There have been three other public hearings, but this is the first to take place in Houston. Previous testimony revealed there were warning signs about dangerous conditions before the blowout. There are unanswered questions about the blowout preventer, which failed to seal off the well. Houston attorney Dan Cogdell had an op-ed piece in the Houston Chronicle this weekend, saying that the legal artillery may be even more formidable that what was seen in the Enron trial. A number of witnesses have declined to appear.
"What I'm outlining in the op-ed piece is the fact that anybody should expect that these prosecutions are going to be very, very aggressive, and that there are a number of people are in the line of fire, that may not anticipate or appreciate that they're in the line of fire."
Ed: "OK, in fact they had some problems enforcing subpoenas when they were having hearings in Louisiana. That's the reason for Houston right?"
"That is one of the reasons for Houston and they're additional people that they want to question that apparently contend they are more accessible or more appropriately questioned in Houston."
Cogdell notes that attorneys are complaining about what testimony should be allowed and what documents should be made available for review.

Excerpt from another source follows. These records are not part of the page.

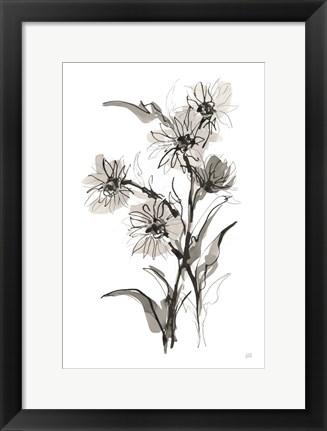 Framed Daisy II Print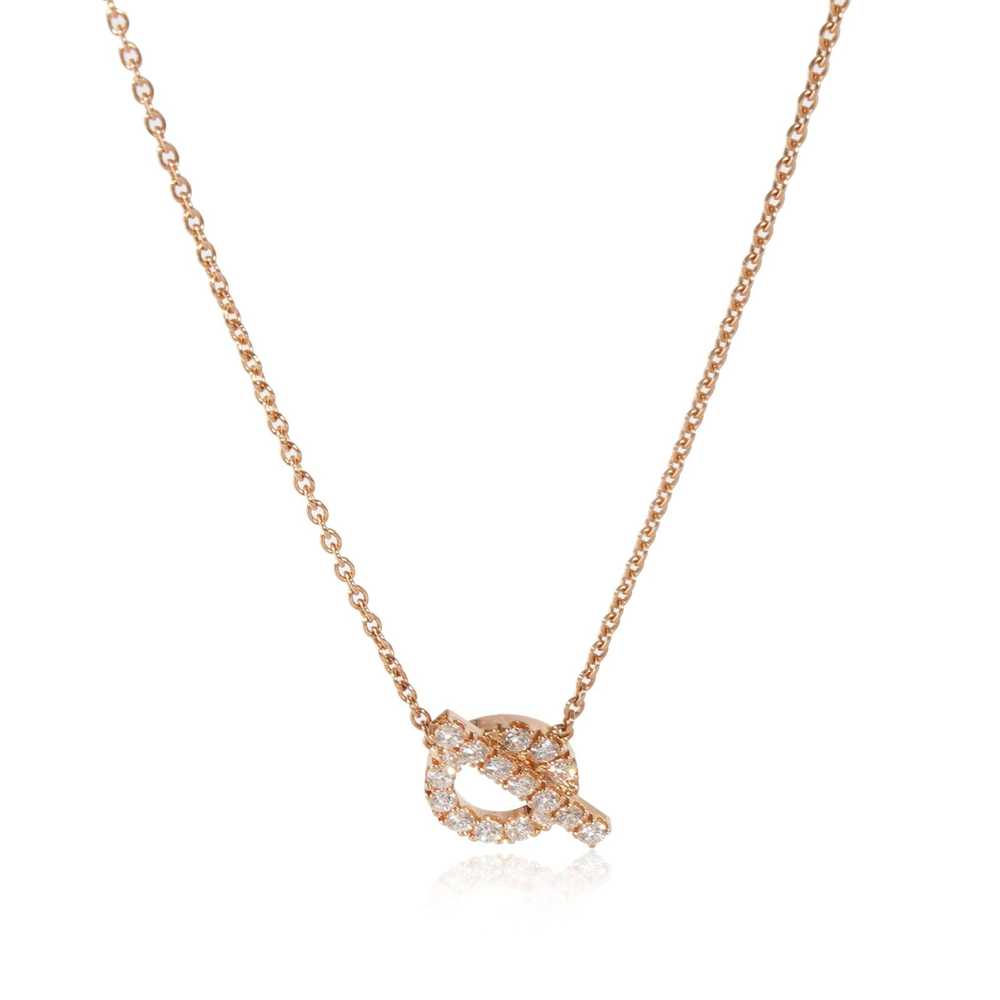 Hermes Hermès Finesse Pendant with Diamonds in 18… - image 1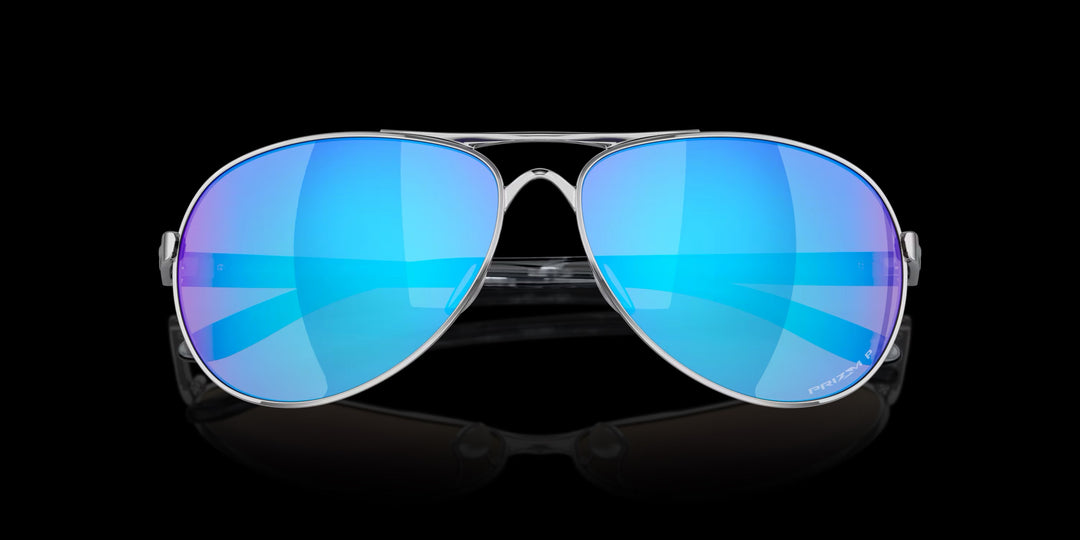 Oakley Feedback Polished Chrome w Prizm Sapphire Irid 4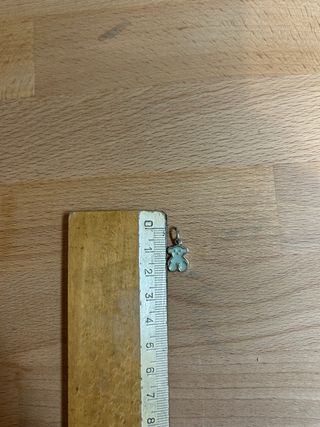 Colgante Oso Tous Plata y esmaltado en azul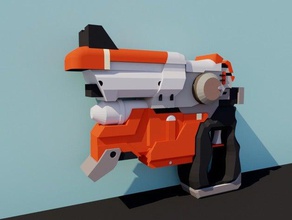 no mans sky plasma blaster video games gun multi multitool nerf nms nomanssky orange pistol videogame 3d print model - Mito3D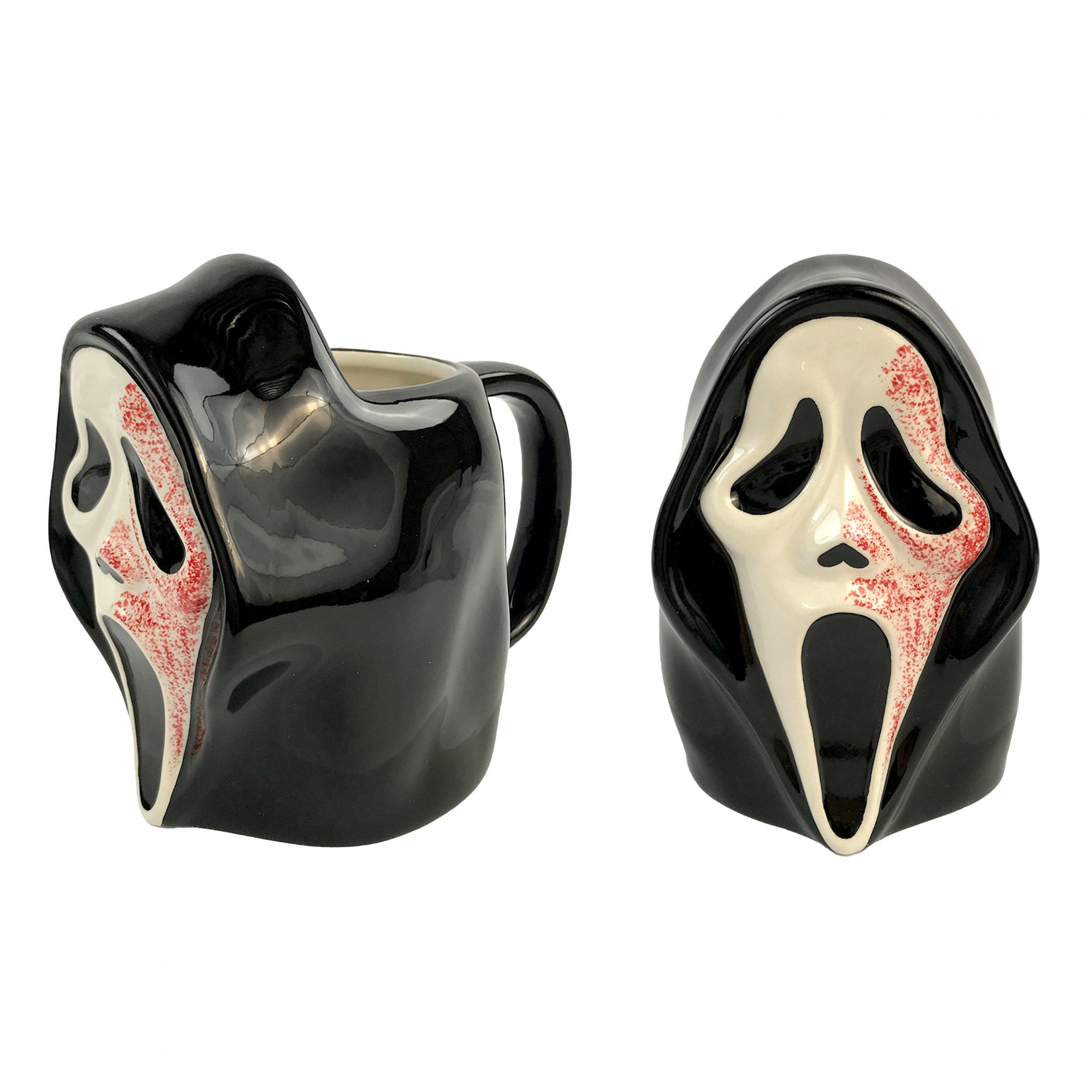 Scream Ghostface Molded Mug, Black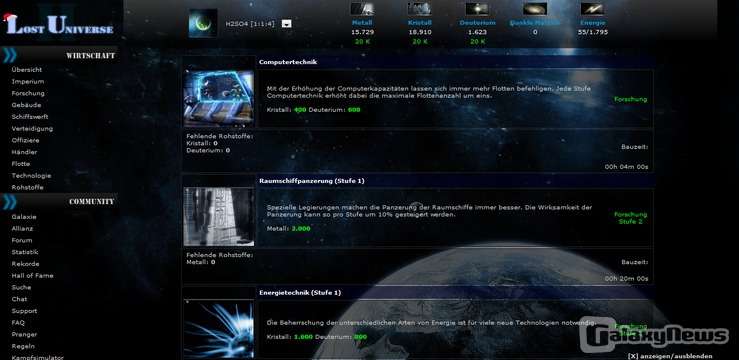 Screenshot Lost Universe II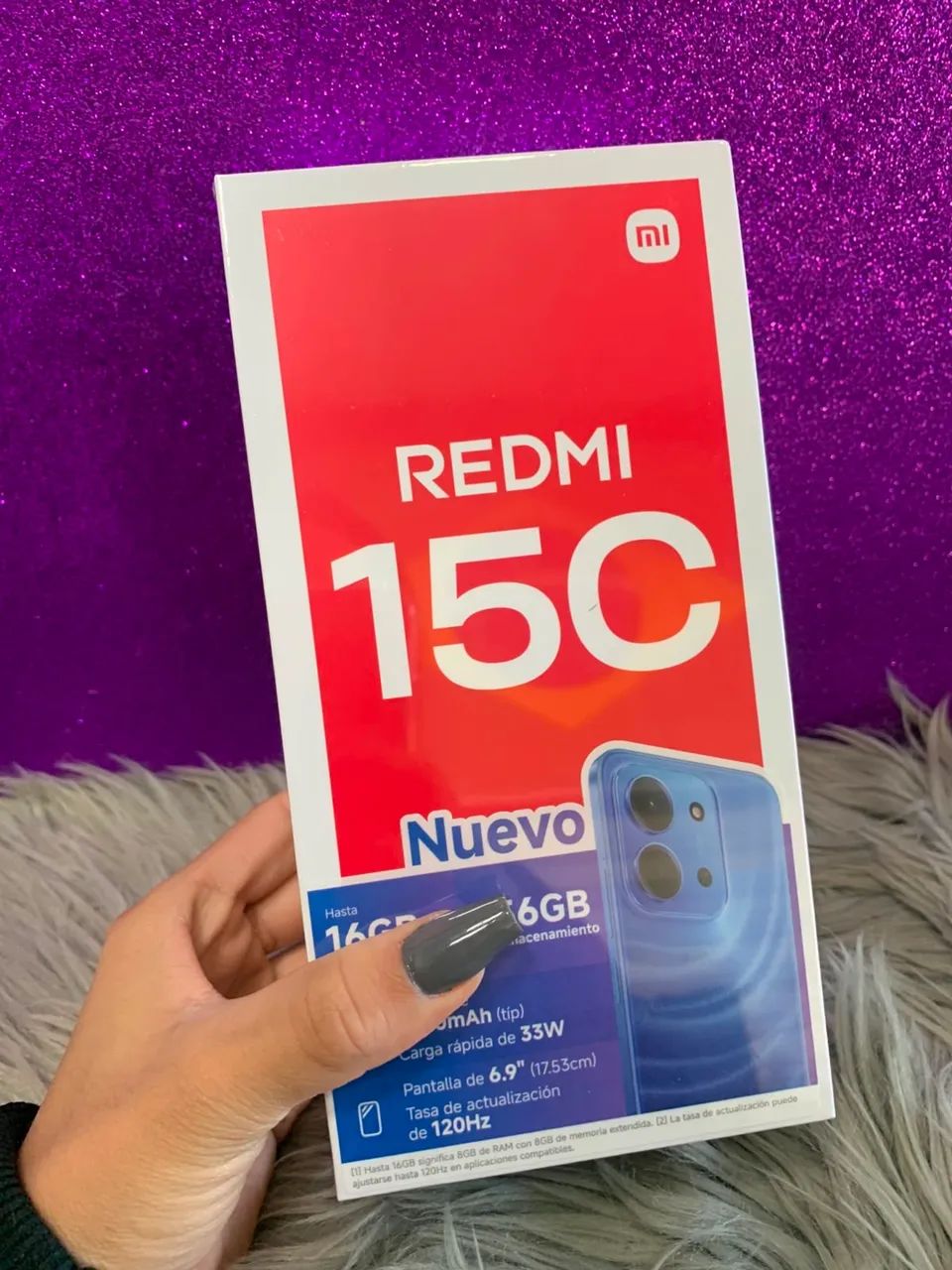 REDMI 15C 8/256GB* VERDE 100% R$1099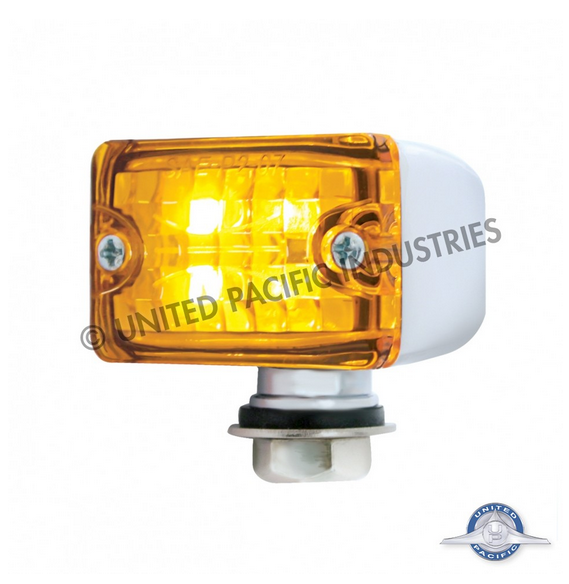 4 LED Small Rod Light -Amber LED/Amber Lens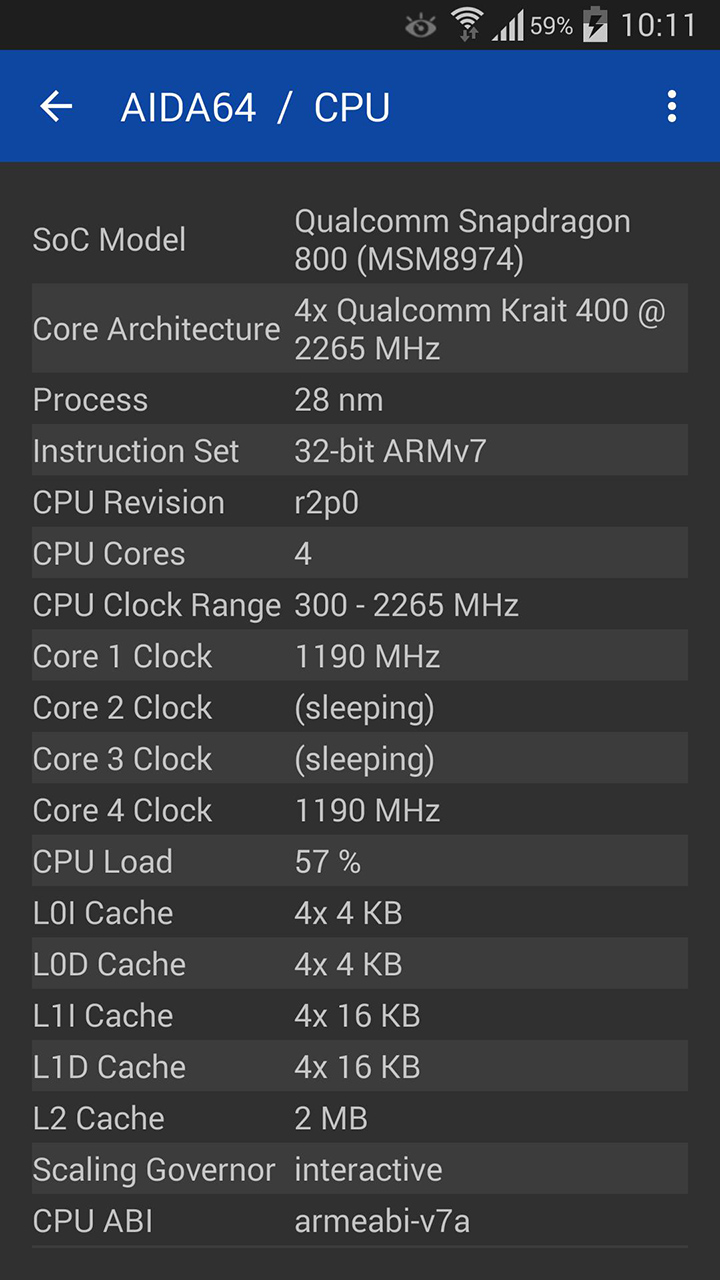 AIDA64 screen 1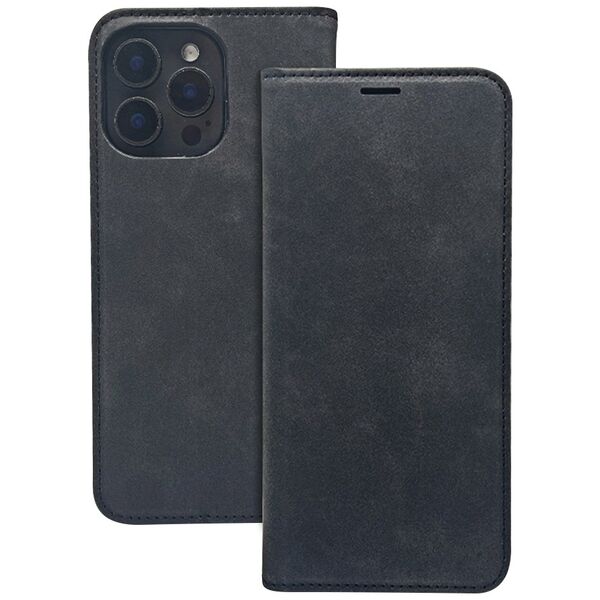 Smart Suede case for Xiaomi Redmi 13C 4G / 13C 5G black 5907457799134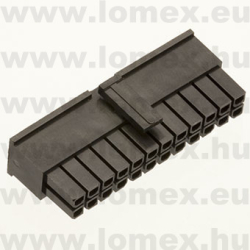 NCHD300-24F (G-S) RoHS TÁPCSATL. 3.00mm 24P ANYA HÁZ - 43-27-71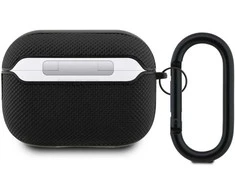 Lacoste Petit Pique Croc Logo Patch dėklas skirtas AirPods Pro 2 juodos spalvos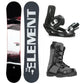 5th Element Grid ST-1 Complete Snowboard Package - Black/Silver Grey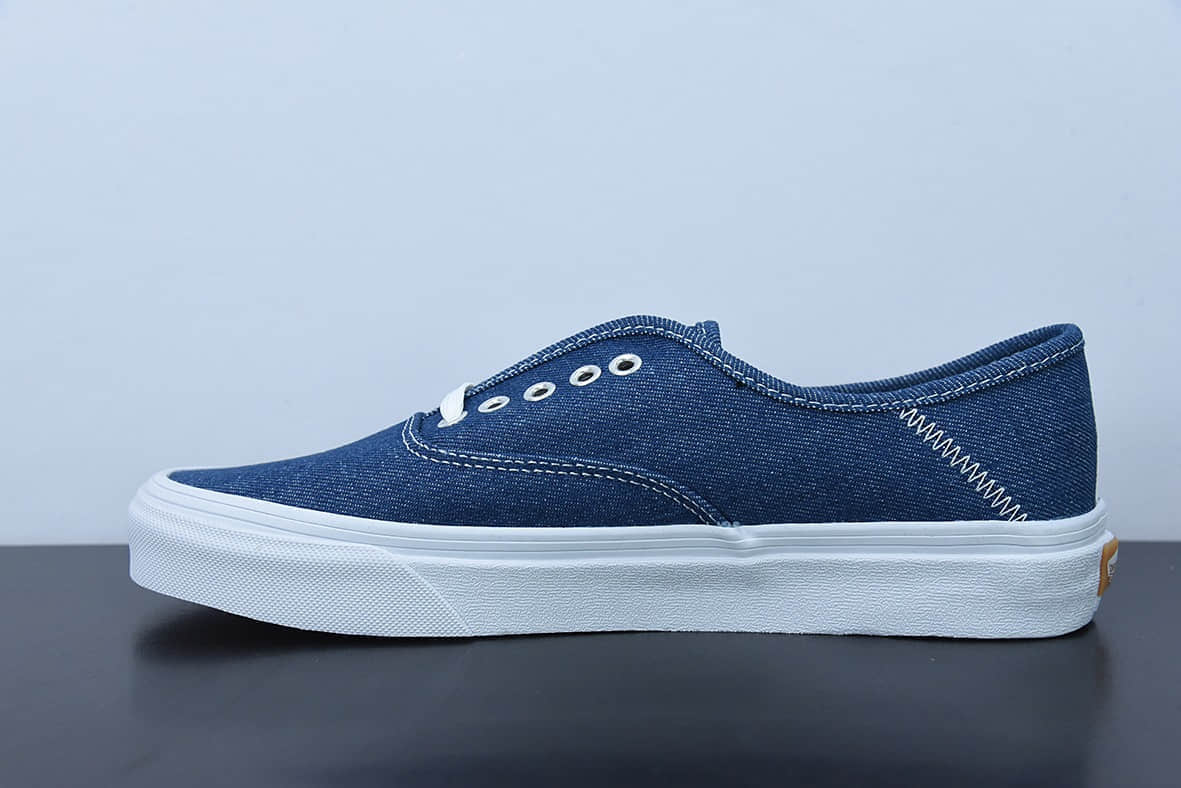 万斯Vans Authentic 牛仔蓝休闲低帮帆布鞋纯原版本 货号：VN0A3MU642E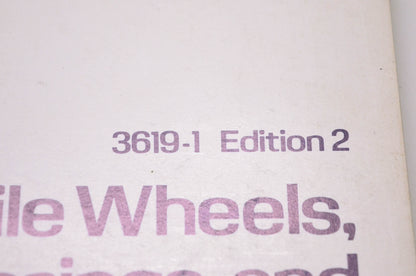 International Correspondence School 3619-1 Automobile Wheels, Tires, Springs, & Shock Absorbers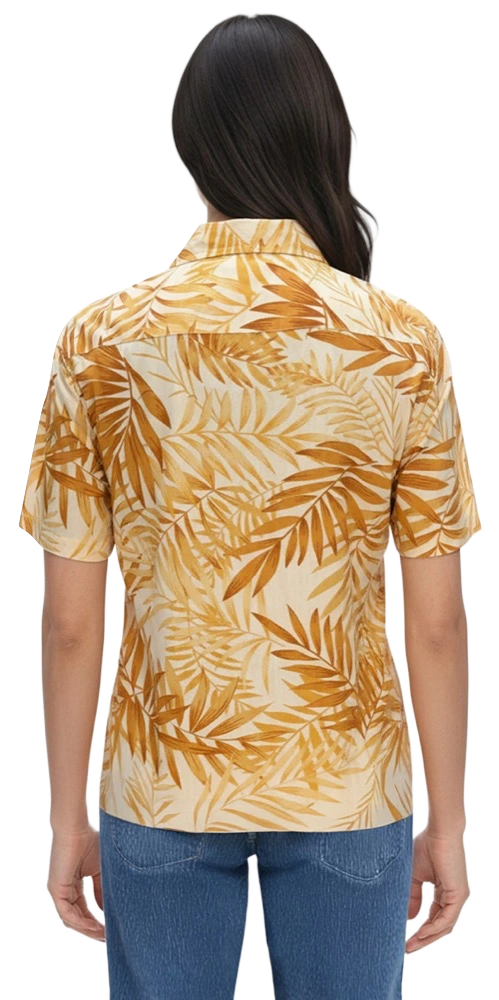 Tonal Print Camp Shirt 12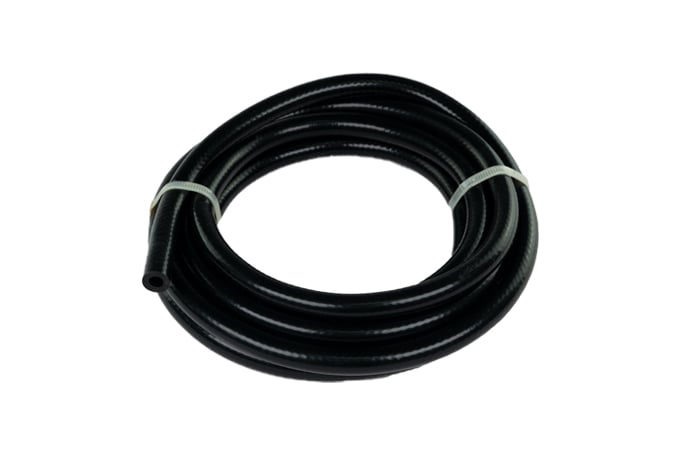 Turbosmart Silicon Hose 3m Pack - 4mm Reinforced Vac Hose - Black - TS-HVR0403-BK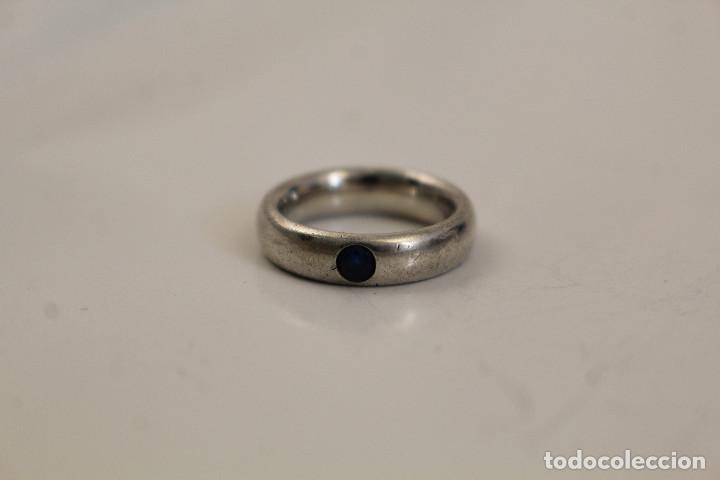 Joyeria: anillo con piedra azul en plata de ley 925 - Foto 1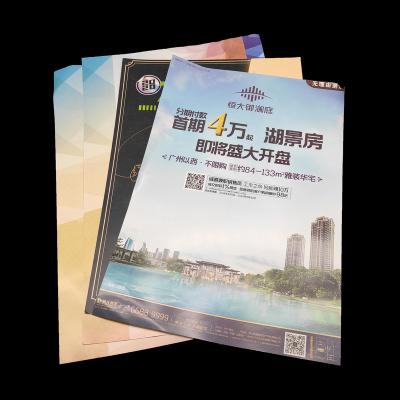 China paper & Cardboard Custom Printed Posters Suitable For Product Promotion Movie Posters Shenzhen Factory Direct Sales Color for sale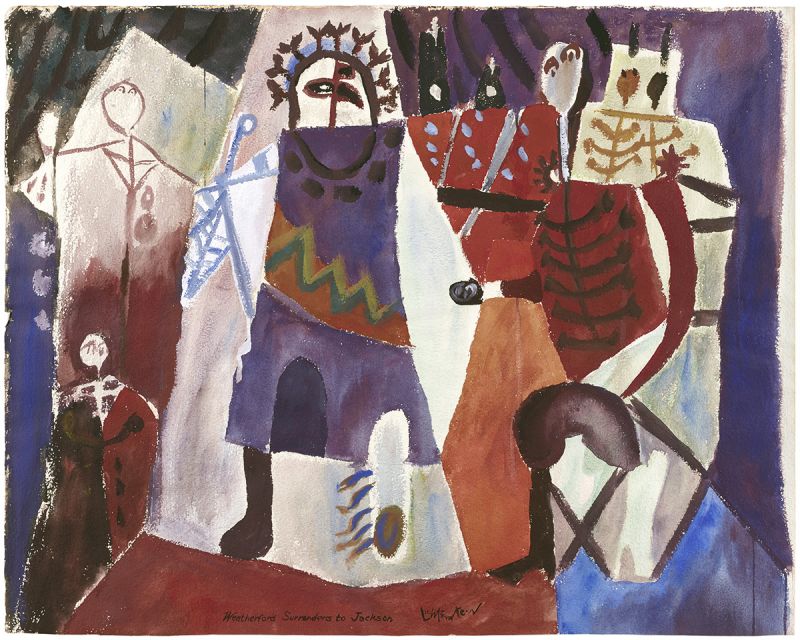 Artwork: Weatherford Surrenders to Jackson, c. 1953 (RLCR 425)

"Well, they need to be very guarded in what they say because (it) may very well be the worse thing they can do, to set forth their positions far in advance of the charges being filed. And the executives and the individuals involved or being questioned probably better be thinking about their own backside as well as towing the corporate line. In environmental prosecutions, there's the Responsible Corporate Officers Doctrine. You can be found guilty of environmental offenses even if you didn't do anything wrong, if you simply had the authority to stop it."
The U.S. Coast Guard and the Bureau of Energy Management, Regulation and Enforcement is conducting the investigation, trying to uncover what caused the April 20th explosion on the BP-operated Deepwater Horizon rig that let 206 million gallons of oil pour into the Gulf. The hearings continue through Friday.